Q: You've called it a political limbo. Why should churches be involved in this?

A: For us, this is a moral issue. We're evangelicals, and we're usually branded as social conservatives, but this is not a partisan issue. It's a service. It's what Jesus taught us in Matthew 25 when He said: "I was a stranger and yet took me in."

We don't take sides with Republicans nor with Democrats. We've spent years talking with Republicans and Democrats about a bipartisan immigration reform because as pastors, we want to serve our communities. We want to welcome them to our churches with Christian love and affection while laws are being reformed.

The reality is that most religious voices want immigration reform. It doesn't matter whether it's Catholic bishops, Anglos or Hispanic evangelicals or Jews.

I spoke at the [U.S.] Chamber of Commerce last year, and they also want a reform. And though we had hopes, it didn't happen last year.

Q: Why do you think it didn't happen?

A: It takes political will. The lack of progress on an immigration reform is illogical. There's no vision of the future and no memory of the past. This has always been a country of immigrants, of residents who get along, of integrated families, so I think that what we really need is leadership.

Q: Don't you think that the president's executive actions are a step forward in all this?
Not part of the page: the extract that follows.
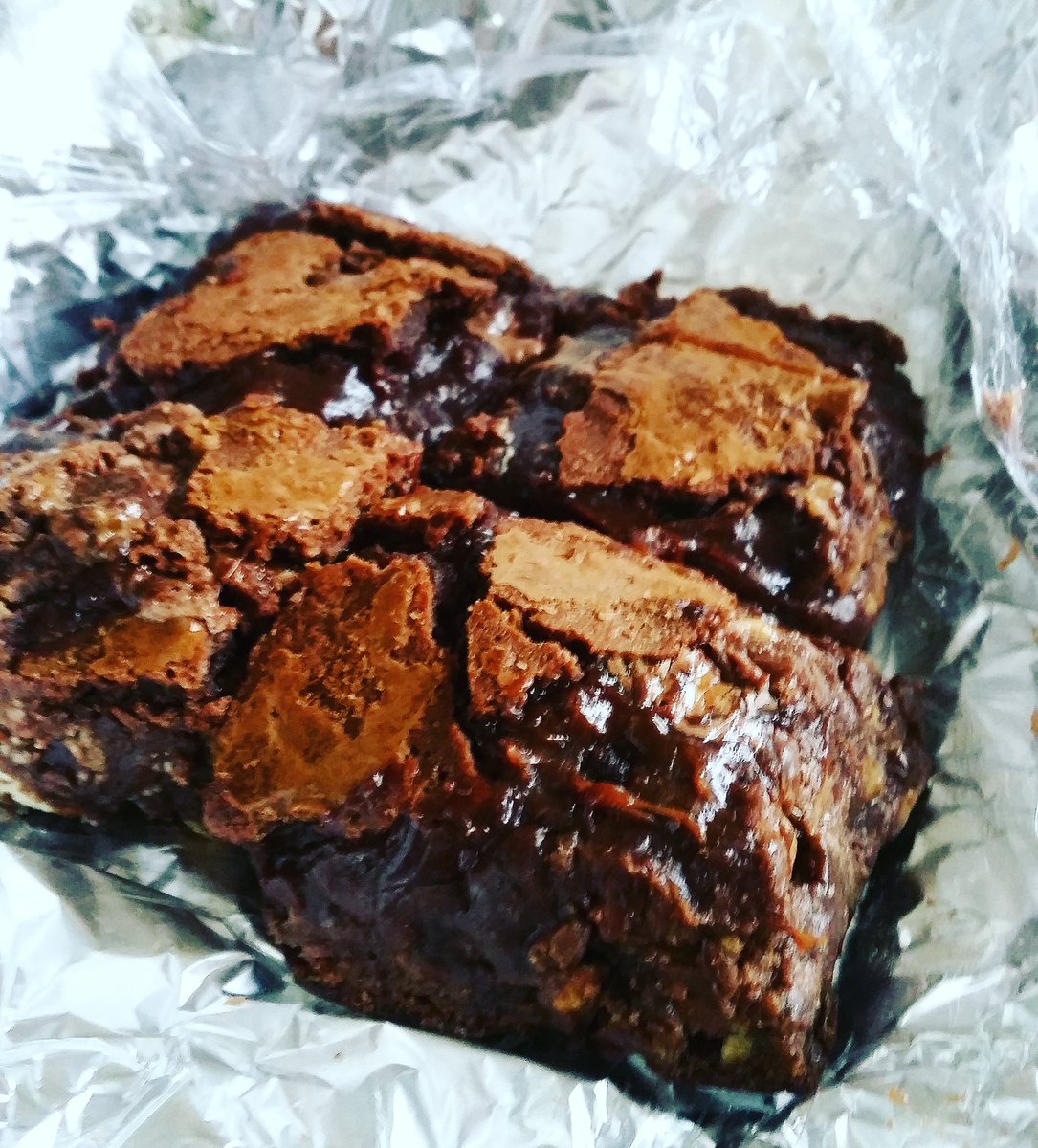 s_tailor's tweet photo. The gooey #chocolate #brownies have been cut! not for the light-hearted...#sonumbakes https://t.co/Rd6mH5O42Q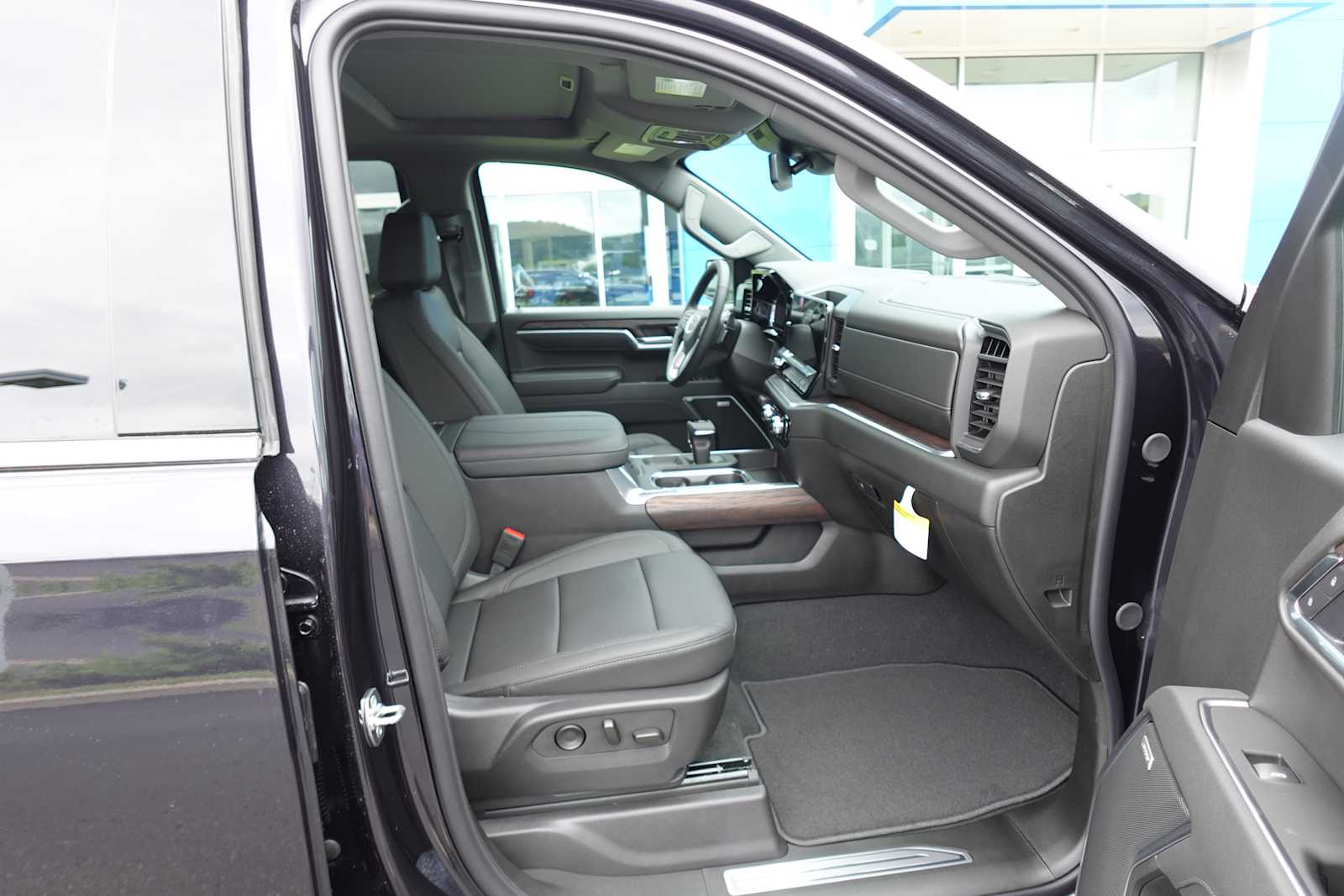 2026 GMC Sierra 1500 SLT - Photo 31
A: Yes, and the Latino evangelical community, our coalition, supports the executive actions. But we also want a bipartisan comprehensive reform [with a path to citizenship]. We don't want more excuses, no more political rhetoric. We need leadership to solve this problem. Our [immigration] laws are from the 20th century, and in the 21st century we need to modernize the immigration system in the United States.